(Web page caption snippets)

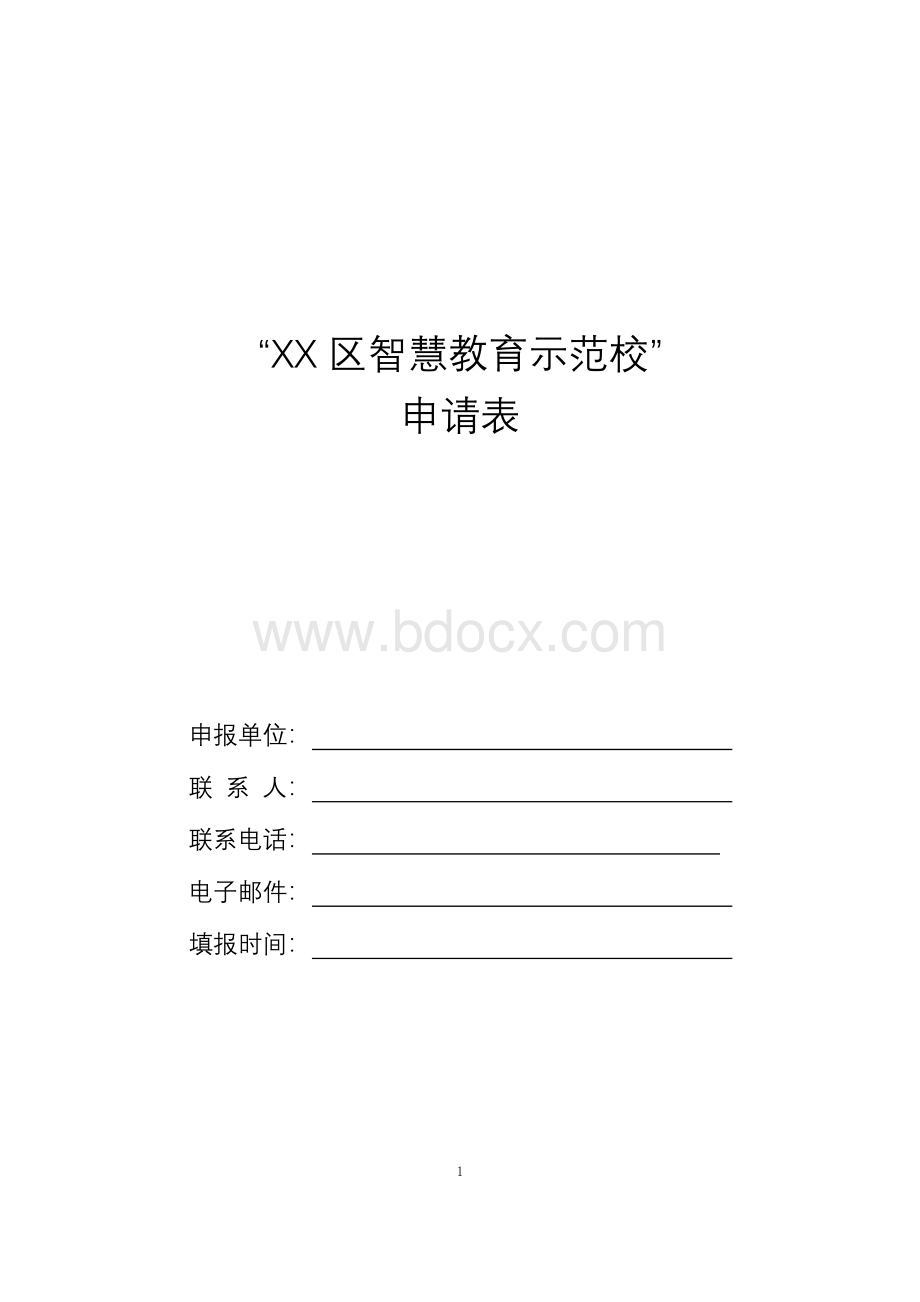 “XXX区智慧教育示范校”申请表---副本Word下载.docx_第1页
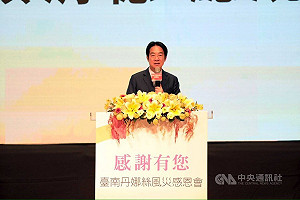 賴總統：財劃法修法將導致中央失去災害應變能力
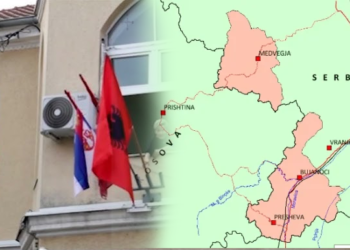Sfidat e shqiptarëve në Republikën e Serbisë, në përdorimin e simboleve kombëtare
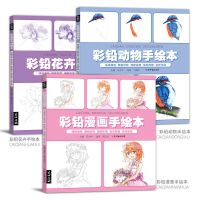 彩铅动物花卉漫画手绘本3本合集彩铅画入门教程书绘画书籍零基础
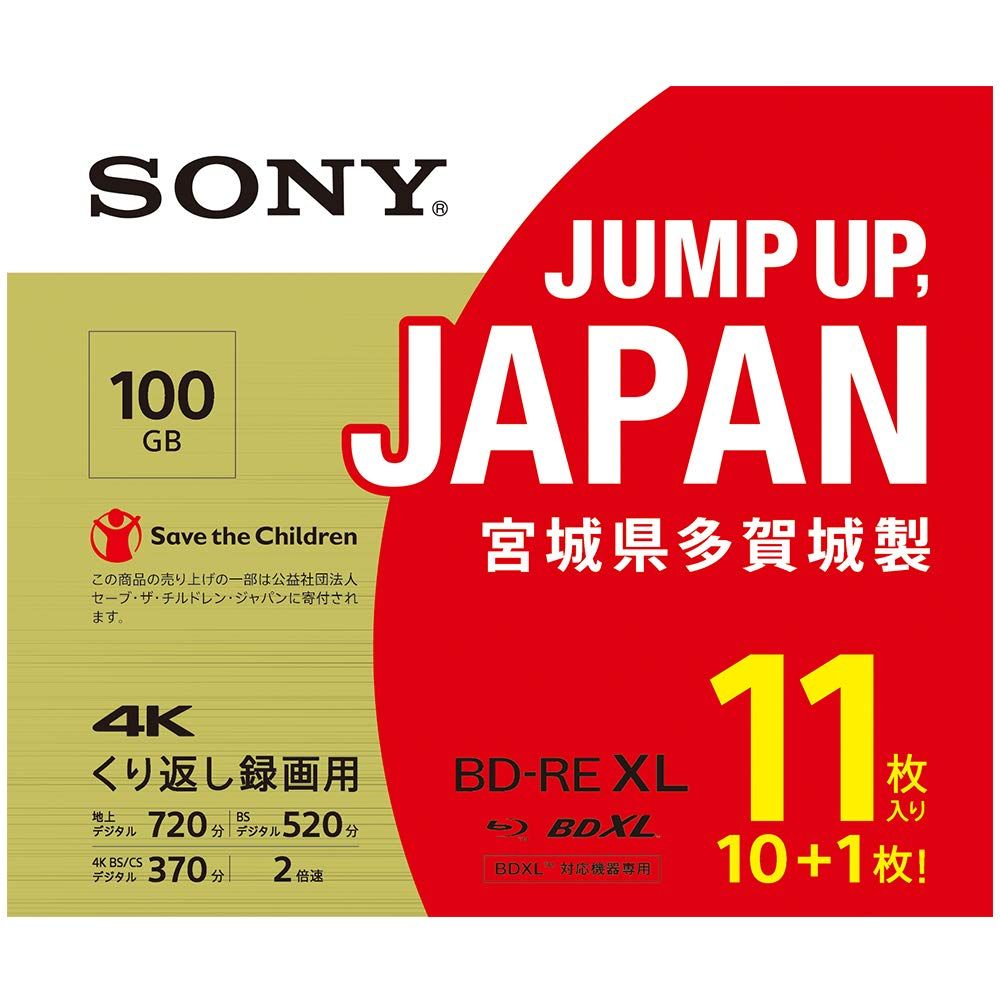 ソニー(SONY) 日本製 ブルーレイディスク BD-RE XL 100GB (1枚あたり地デジ約12時間) 繰り返し録画用 11枚入り 2倍速ダビング対応 ケース付属 11BNE3VZPS2 [単品] [11枚(132時間)]
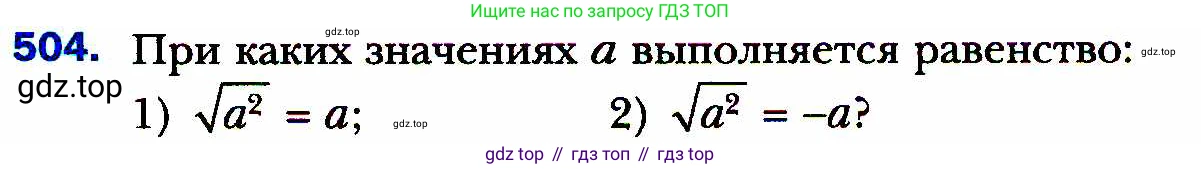 ГДЗ Алгебра, 8 класс Учебник, авторы: Мерзляк Аркадий Григорьевич, Полонский Виталий Борисович, Якир Михаил Семёнович, издательство Просвещение, Москва, 2018 - 2022, розового цвета, страница 131, номер 504, Условие
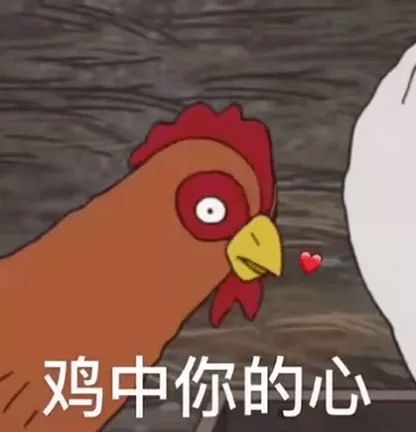 抖音鸡倒了系列表情包你鸡到吗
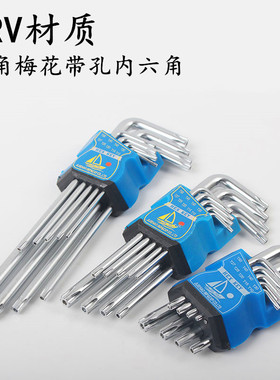 速发星形米字 0六角梅花扳4件螺丝刀T10T15T20T25T27T0T手内T45T5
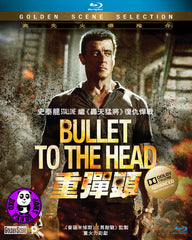 Bullet To The Head Blu-Ray (2013) (Region A) (Hong Kong Version)
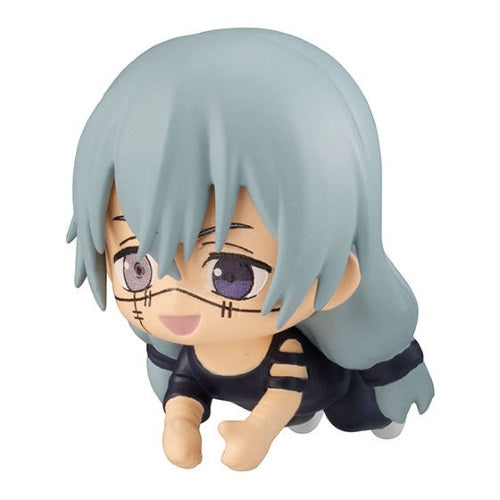 Jujutsu Kaisen Hugcot Cord Keeper Vol. 02 Bandai 1-Inch Mini-Figure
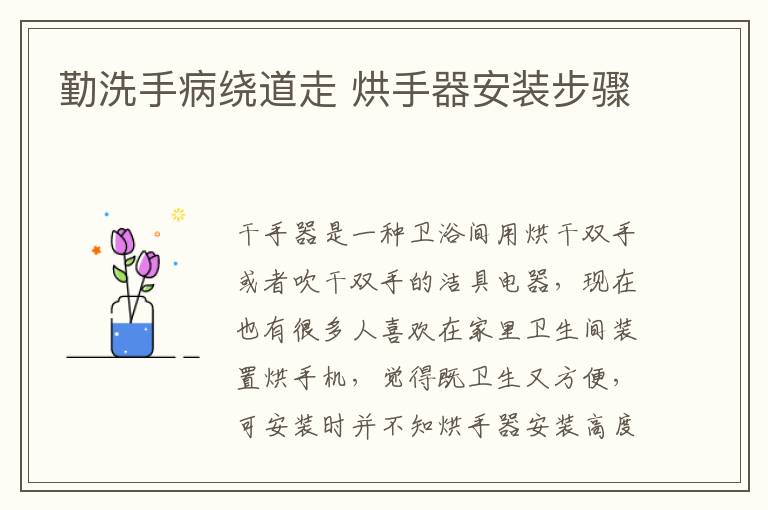 勤洗手病绕道走 烘手器安装步骤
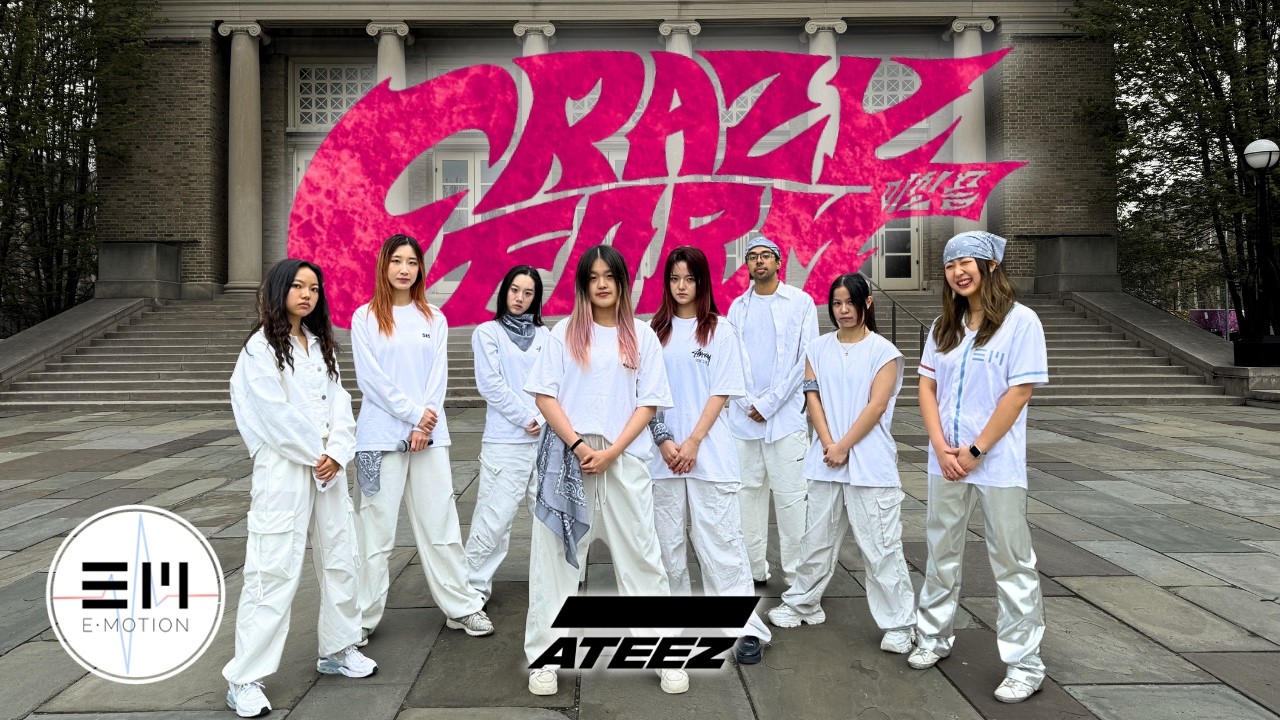 ATEEZ - Crazy Form | Cornell E.Motion KPOP Dance Cover - YouTube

## Brief:
Retype only the lines from the one with "賴總統：財劃法修法將導致中央失去災害應變能力" through the final line of the entries, please, and keep the pictures out.

## Your solution:
 賴總統：財劃法修法將導致中央失去災害應變能力
Sfidat e shqiptarëve në Republikën e Serbisë, në përdorimin e simboleve kombëtare
 彩铅动物花卉漫画手绘本3本合集彩铅画入门教程书绘画书籍零基础
 ソニー(SONY) 日本製 ブルーレイディスク BD-RE XL 100GB (1枚あたり地デジ約12時間) 繰り返し録画用 11枚入り 2倍速ダビング対応 ケース付属 11BNE3VZPS2 [単品] [11枚(132時間)]
 ГДЗ Алгебра, 8 класс Учебник, авторы: Мерзляк Аркадий Григорьевич, Полонский Виталий Борисович, Якир Михаил Семёнович, издательство Просвещение, Москва, 2018 - 2022, розового цвета, страница 131, номер 504, Условие
 抖音鸡倒了系列表情包你鸡到吗
 速发星形米字 0六角梅花扳4件螺丝刀T10T15T20T25T27T0T手内T45T5
 Bullet To The Head Blu-Ray (2013) (Region A) (Hong Kong Version)
 Jujutsu Kaisen Hugcot Cord Keeper Vol. 02 Bandai 1-Inch Mini-Figure
 勤洗手病绕道走 烘手器安装步骤
 ATEEZ - Crazy Form | Cornell E.Motion KPOP Dance Cover - YouTube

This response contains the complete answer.